Moody’s put the planemaker’s rating on review, while Fitch said a prolonged could have meaningful operational and financial impact, increasing risk of a downgrade. On Thursday, S&P Global Ratings said that an extended strike could hurt its overall rating, which is one notch above junk status.
The stock fell 3.8 percent Friday. It has lost nearly 38 percent so far this year, losing $58 billion in market value.
The union also indicated it was willing to resume negotiations soon.
“This is about fighting for our future,” said Jon Holden, who headed the negotiations for Boeing’s largest union, before announcing the vote result on Thursday evening. The union will get back to the table as quickly as it can, Holden told reporters.

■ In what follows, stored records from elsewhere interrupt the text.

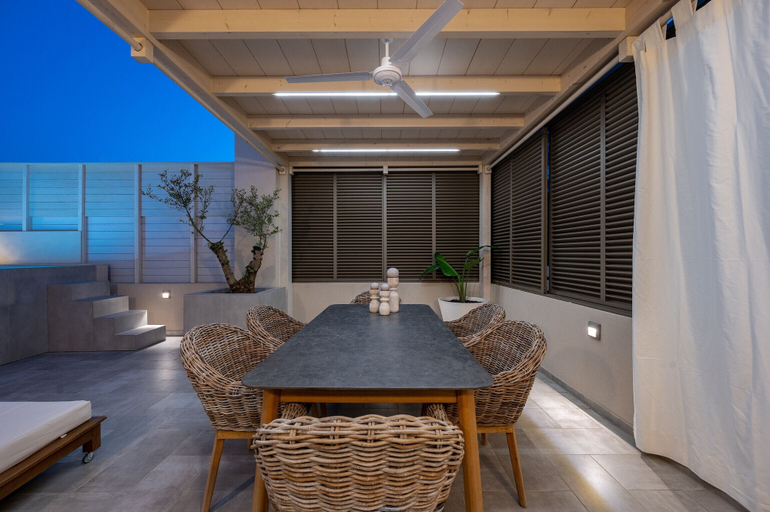 Others 5, Casa Luna, Crete
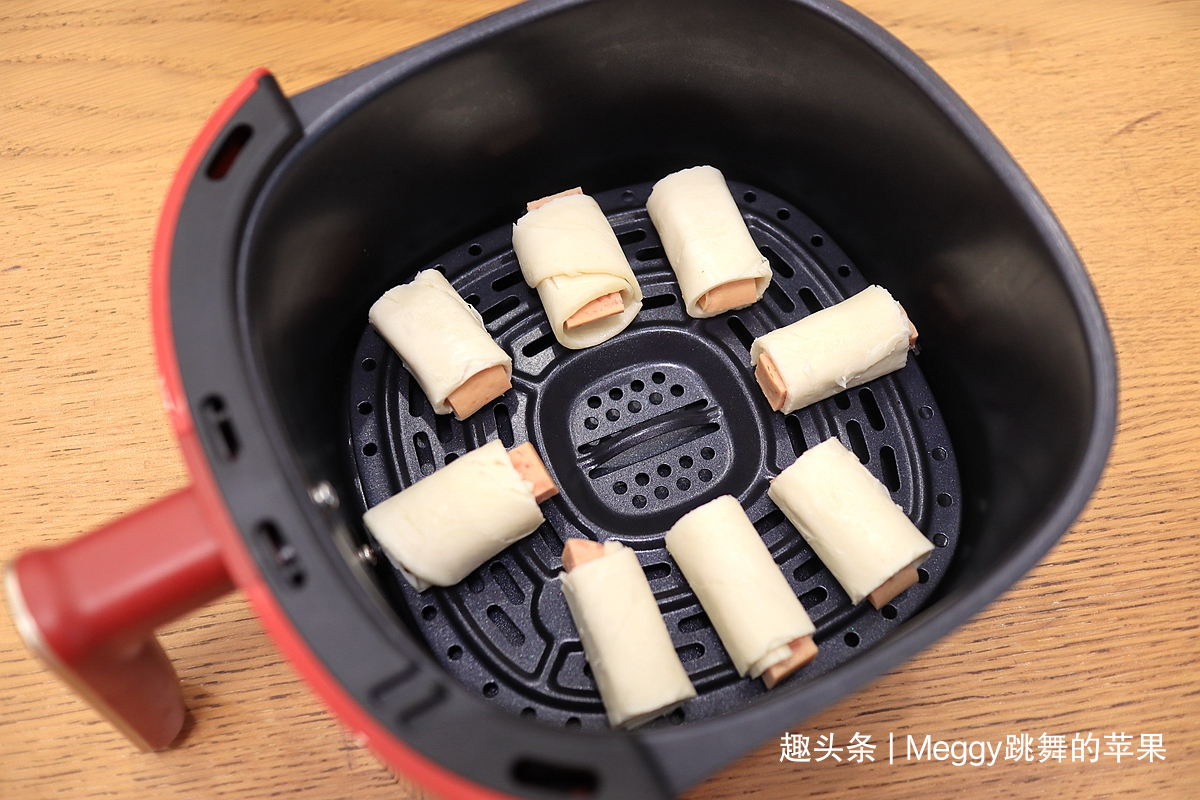 用手抓饼做的午餐肉酥皮卷,8分钟出锅酥嫩嫩,省事又好吃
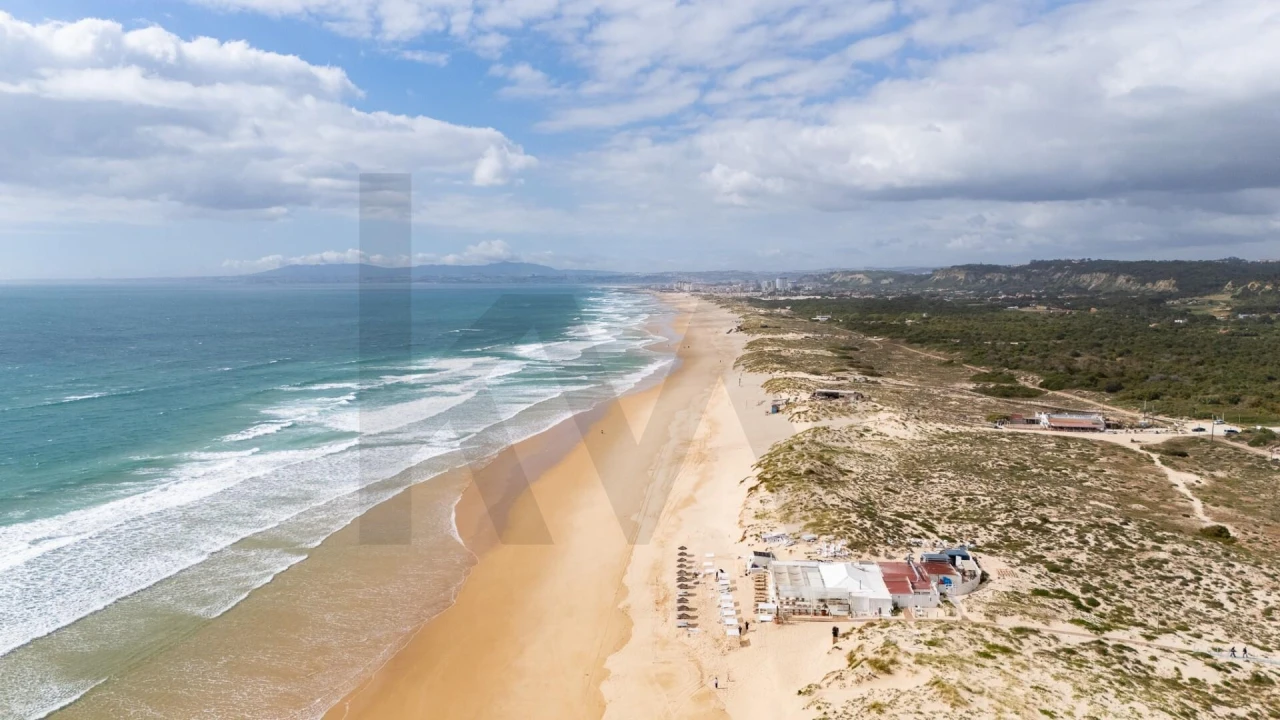 Moradia T5 para Venda em Charneca de Caparica e Sobreda Foto 33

Boeing had said it had offered workers everything it could and needs to plan for the investments needed to replace its best-selling single-aisle models while placating striking workers.
New CEO Kelly Ortberg was brought in just weeks ago to restore faith in the planemaker after a door panel blew off a 737 MAX jet mid-air in January. He proposed a deal including a pay rise of 25 percent over four years, far lower than the 40 percent workers had demanded.
A long strike could badly hit Boeing’s finances, already groaning due to a $60-billion debt pile. To cover debt maturities, Boeing needs to generate enough cash flow.
Unionized workers from a range of sectors and companies including delivery service UPS, the auto industry and more have won double-digit wage increases recently, capitalizing on a tight labor market and reflecting demands that paychecks make up for high inflation.
Boeing’ Challenges
The proposed deal included a $3,000 signing bonus and a pledge to build Boeing’s next commercial jet in the Seattle area, provided the program was launched within the contract term.
Data from equity research firm Melius Research showed median employee compensation for the aerospace and defense firms companies it monitors grew 12% between 2018 and 2023. It fell 6 percent for Boeing and 19 percent for Spirit Aerosystems.
Although IAM leadership recommended last Sunday that its members accept the contract, many workers responded angrily, arguing for the original demand and an annual bonus.
Workers have been protesting all week in Boeing factories in the Seattle area that assemble Boeing’s MAX, 777 and 767 jets.
On Friday, members in the union hall cheered and chanted “Strike! Strike! Strike!” and shortly after midnight, striking workers started to gather outside Boeing factories in the Seattle area.
‘As Long as It Takes’
On Friday, crowds of striking workers began to descend on six different entrances at the Boeing facility, horns honking and raised fists out windows in support of the strike. Smiles of appreciation ensued when donuts arrived to keep spirits high.
“I’m willing to strike for two months or even longer. Let’s go as long as it takes to get what we deserve,” said James Mann, a 26-year-old who works in a wings division.
The Biden administration was in touch with both sides. “We encourage them to negotiate in good faith toward an agreement that gives employees the benefits they deserve and makes the company stronger,” White House spokesperson Robyn Patterson said.
A prolonged strike would weigh on airlines that depend on Boeing jets and suppliers that manufacture parts.
JPMorgan said Boeing could adjust the pace at which it takes material. “At a minimum, a prolonged strike could affect supplier growth expectations,” said analyst Seth M. Seifman.
Boeing workers’ last strike in 2008 shuttered plants for nearly two months and hit revenue by an estimated $100 million per day. According to TD Cowen, a 50-day strike could cost Boeing $3 billion to $3.5 billion of cash flow.
CFM, the sole-source engine supplier for the 737 MAX, said there was no immediate impact to its operations.
The planemaker has more than 4,700 orders for the 737 MAX jet, with Southwest Airlines, United Airlines, and Lion Air being the top three customers in queue for deliveries, according to aviation data provider Cirium.
United Airlines CFO Michael Leskinen said the company was “doing much better”, with delivery rates stabilized. “There is the risk of the strike. I’m not going to opine on that. That would certainly be a speed bump.”
Southwest, Cathay Pacific and flydubai said they were in touch with Boeing.